A grandi linee, posso dire che durante il Ventennio la stampa economica
è stata questa: con quanto faceva e quanto non si riusciva
a fare. Ognuno però tendeva a realizzare il meglio di quanto
si doveva e si potesse. D'altra parte a questo titolo posso ricordare
anche un grande scrittore e ministro delle Finanze durante il Ventennio.
Parlo di Alberto de Stefani, Non l'ho mai conosciuto durante quegli
anni sapendo solo che io universitario alla Sapienza, in giurisprudenza,
l'avevo come vicino, preside però, alla Facoltà di Scienze
Politiche. Ma poi ho avuto dimestichezza con lui, come giornalista
economico, immodestamente, devo dire di non secondo piano. E di lui
ricordo che mi ha parlato dei Gran Consiglio del 25 luglio, di Mussolini
non più duce, ma di se stesso come uomo, dei mezzi perseguiti
nel pareggio del bilancio dello Stato fino a quando ne è stato
ministro delle Finanze, del suo dovere di aver eliminato dalla Gazzetta
Ufficiale una parte letterario-romanzata (sic!) pubblicata solo per
aiutare letterati che non si sapeva come diversamente retribuire,
di essersi sentito felice quando, allontanato dalla direzione del
ministero delle Finanze, fermatosi a Piazza Gioacchino Belli in Roma,
notando una targa su di una drogheria che recava l'insegna Felice
De Stefani, poté andargli incontro per dirgli che erano omonimi,
perché felice lo era anche lui.
Oggi invece c'è l'irrigidità sulle poltrone, e proprio
quando tutti chiedono il cambiamento.
Stampa economica
e contesto produttivo
Ed eccomi all'esperienza della Confindustria. Vi sono stato dal 1938
fino al 1977, appunto come giornalista economico.
Ma per sapere dall'esterno di questo mio periodo da una parte ho a
che fare con qualche libro che mi chiama in causa, con e senza mia
soddisfazione (il che non conta), ma con contrastante valutazione
della realtà (e questa invece conta): pensate che un libro
che mi riguarda, ed è stampato dall'editoriale Sellerio, che
rispetto, ha il titolo La trasparenza difficile, ed è dovuto
ad un docente universitario defunto che prima della verità
penso abbia ossequiato le proprie pregiudiziali ideologiche e si tratta
di un volume il cui titolo poi deve aver lasciato per lo meno perplesso
il suo promotore, nostro collega, che proprio personalmente ha trovato
difficile questa trasparenza.
E d'altra parte ho anche a che fare con un computer della Confindustria,
che sa di me con 40 anni di appartenenza alla Confindustria solo perché
nel 1946 sono stato direttore de La Gazzetta per i lavoratori, da
Angelo Costa voluta proprio per avviare un dialogo con i lavoratori,
che con i periodici mai c'è stato.
In particolare, durante il Ventennio mi è occorsa la possibilità
di oppormi ad un istituto fascista, quello coloniale, approfittando
delle ombre denunciate nel suo bilancio da Mussolini, insieme a Vittorio
Gorresio e ricevendone diffide e deplorazioni, di protestare in una
Corporazione contro Alessandro Pavolini ed altri gerarchi per le loro
pretese egemoniche e sopraffattrici, ecc.
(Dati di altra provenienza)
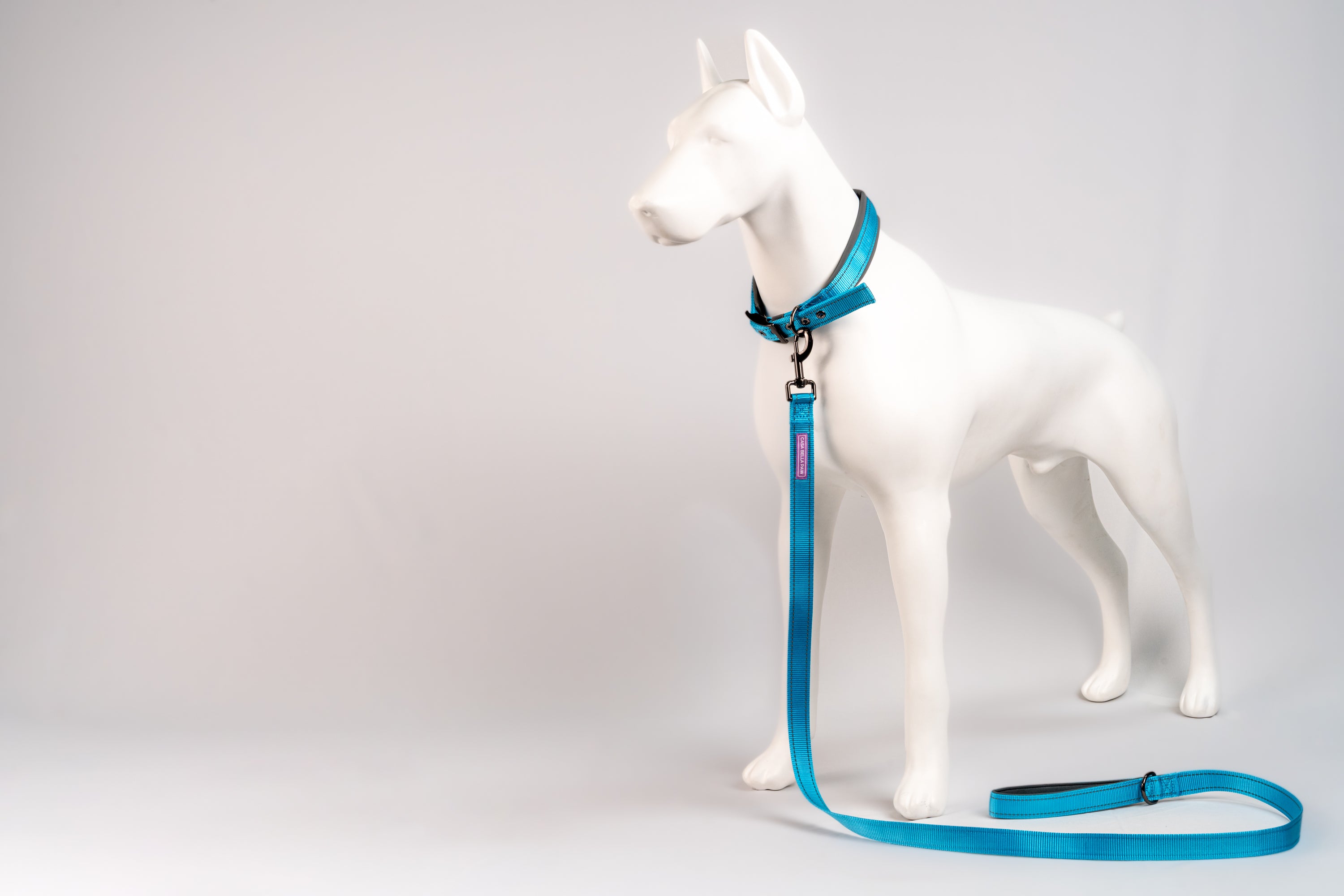 Padded Reflective Dog Leash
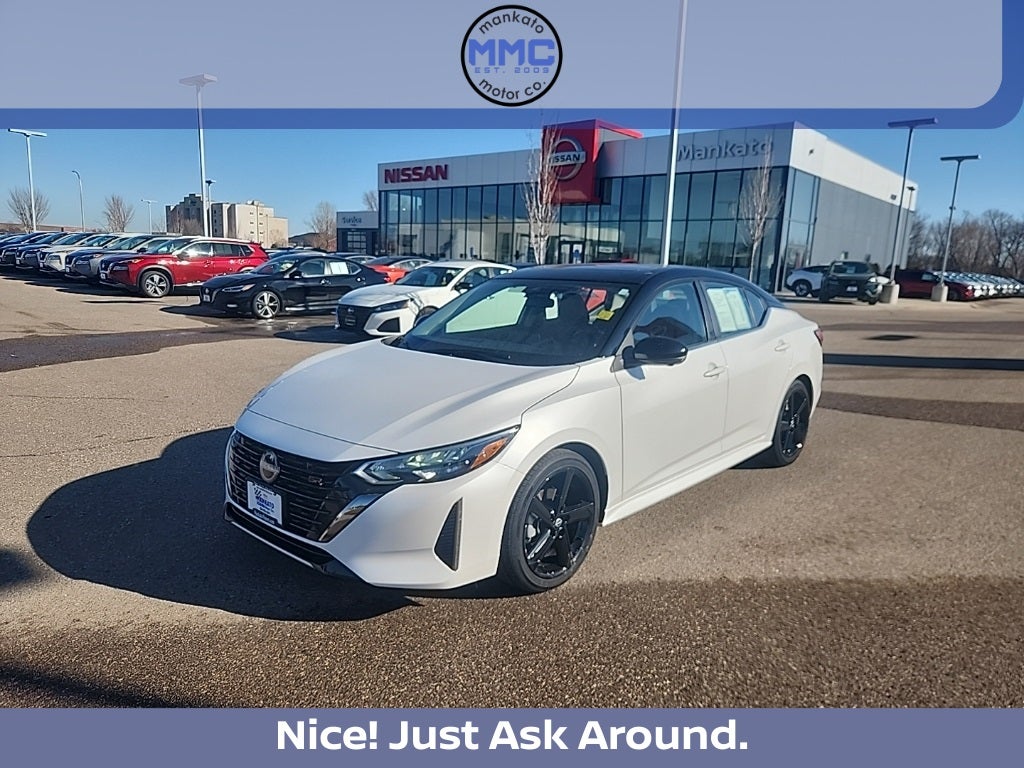 2024 Nissan Sentra SR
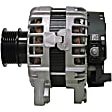10327 OE Replacement Alternator, 2.0L, 4Cyl, Remanufactured QB Premium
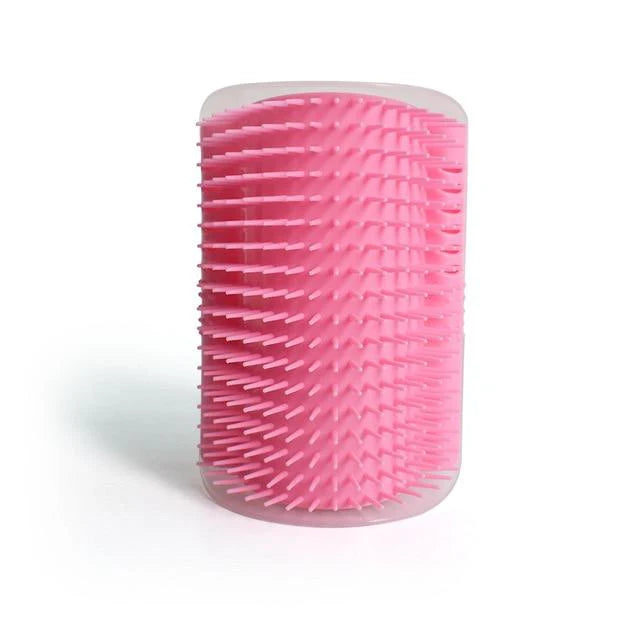 Cat Self Groomer Massage | Wall Corner Hair Brush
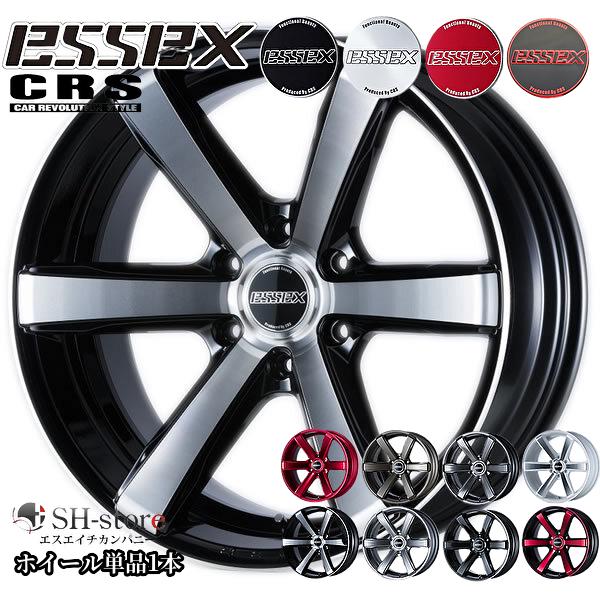 エセックス【ESSEX・CRS】タイプEC18インチ7.5J+38ホイール単品1本 200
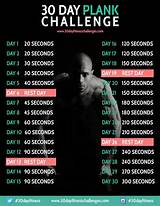 30 Day Fitness Challenge Photos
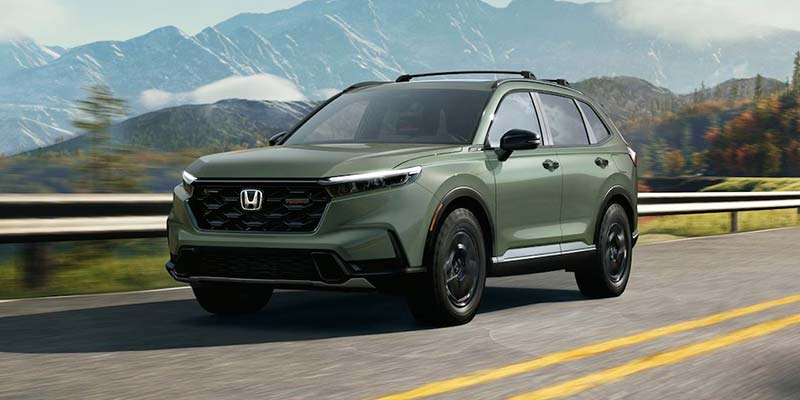 2026 Honda CR-V Honda Sensing safety and driver-assistance systems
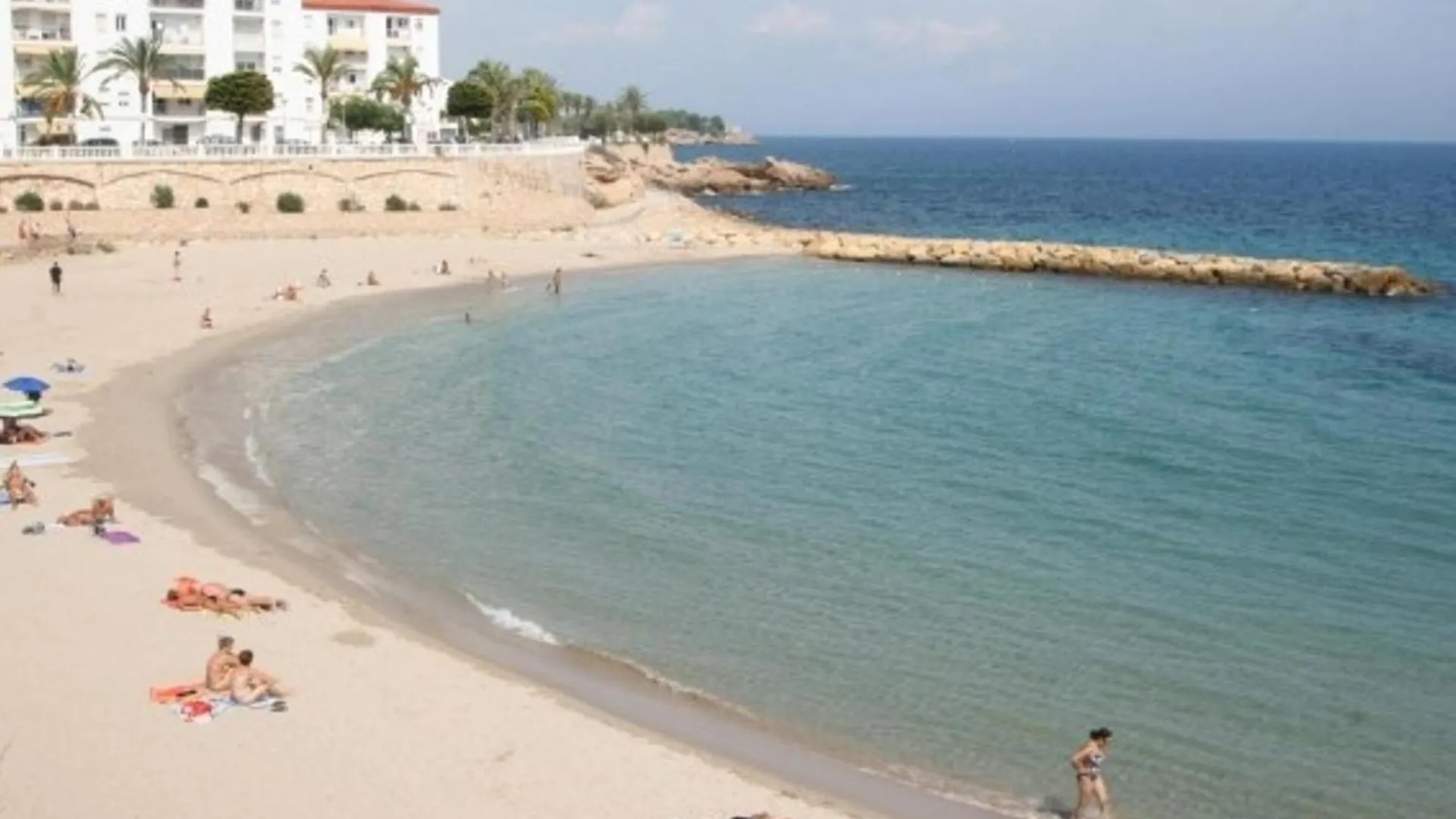 Villa Para 6 En Ametlla De Mar Con Piscina Privada Y Cerca Del Mar - Hisp-217-9 L'Ametlla de Mar
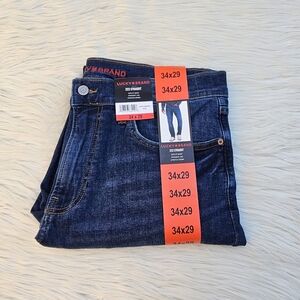 Lucky Brand 223 Straight Leg Denim Jeans Size 34 x 29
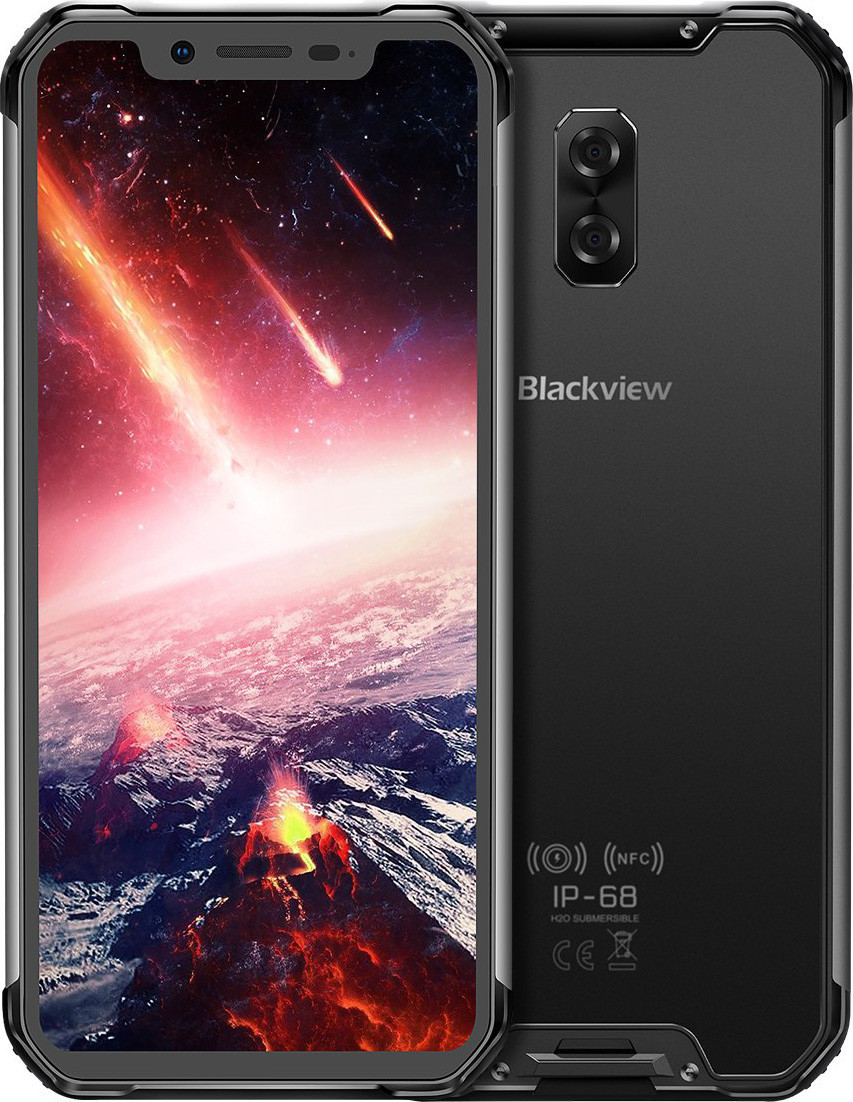 

Смартфон Blackview BV9600 black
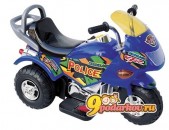 Электромотоцикл детский Tjago Mini-2 для возрастной группы 2 - 4 года, с питанием от аккумулятора 6 вольт, цвет - синий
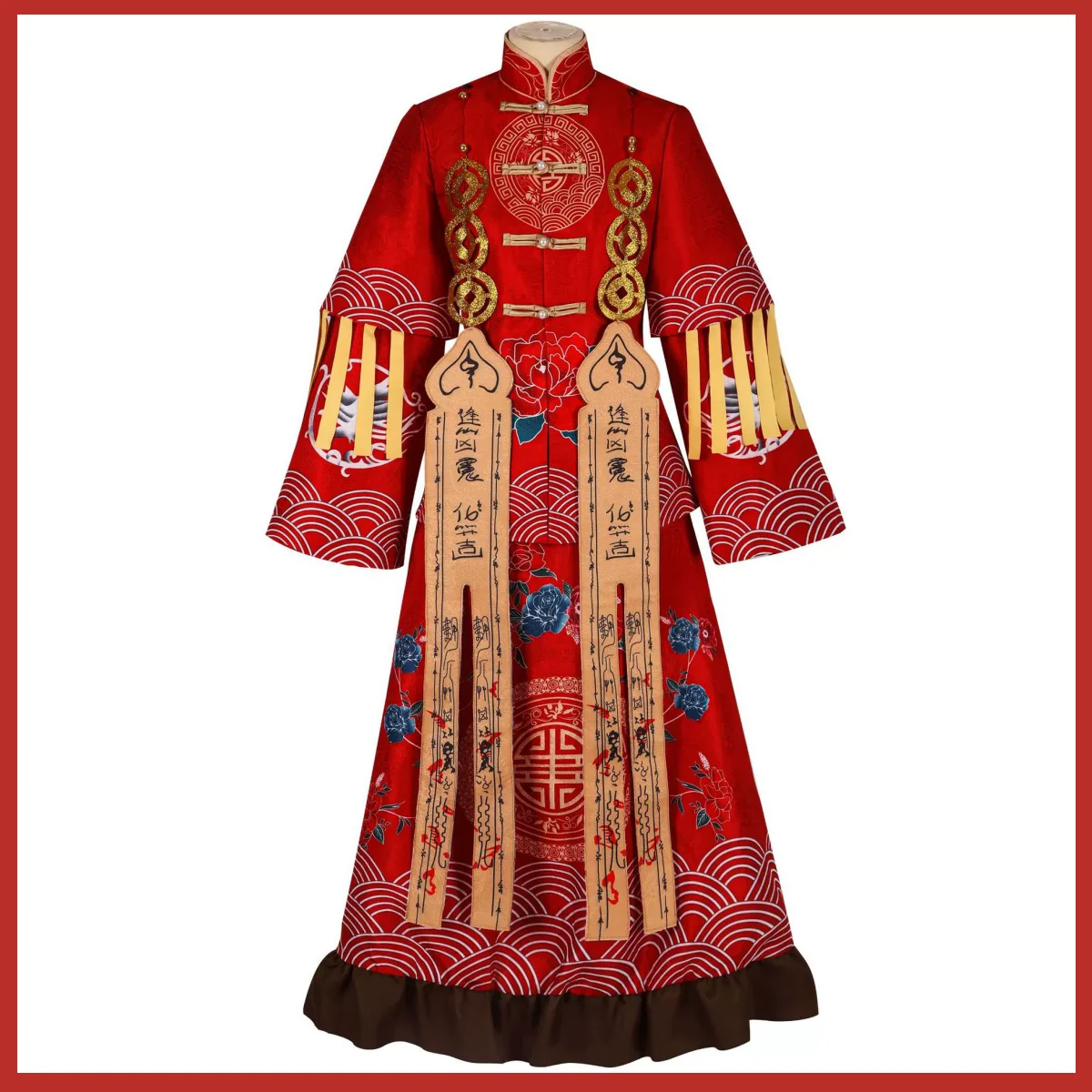 Костюм для косплея «Призрак невесты» на Хэллоуин, красная юбка, пальто, свадебное платье для женщин, игровой костюм V Vera Nair, парфюмерный костюм
Костюм для косплея «Призрак невесты» на Хэллоуин, красная юбка, пальто, свадебное платье для женщин, игровой костюм V Vera Nair, парфюмерный костюм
Ma poi la Confindustria del post liberazione. Sette lustri mi appartengono.
Chi era allora da quella parte l'aveva fatto per un prius che gli
apparteneva, non già per contropartite. Ricordo tuttavia il
caso di un giornalista comunista o paracomunista (lavorava per un
quotidiano fiorentino), poi divenuto finanziere, che mi chiese cosa
potessi fare per aprirgli la strada dalla mia parte. lo non lo feci,
qualche altro sì. Si trattava di un giornalista economico,
ma forse lui stesso non era al corrente di questa peculiarità
di autonomia e di indipendenza.
Vite intere
divise insieme
In questa fase mi è occorso di essere direttore del quotidiano
Il Sole con l'intento di realizzare quanto per esso avevo immaginato,
nella ricostruzione, e solo sapendo se insoddisfatto avrei potuto
contare sulla liquidazione da dimissionario.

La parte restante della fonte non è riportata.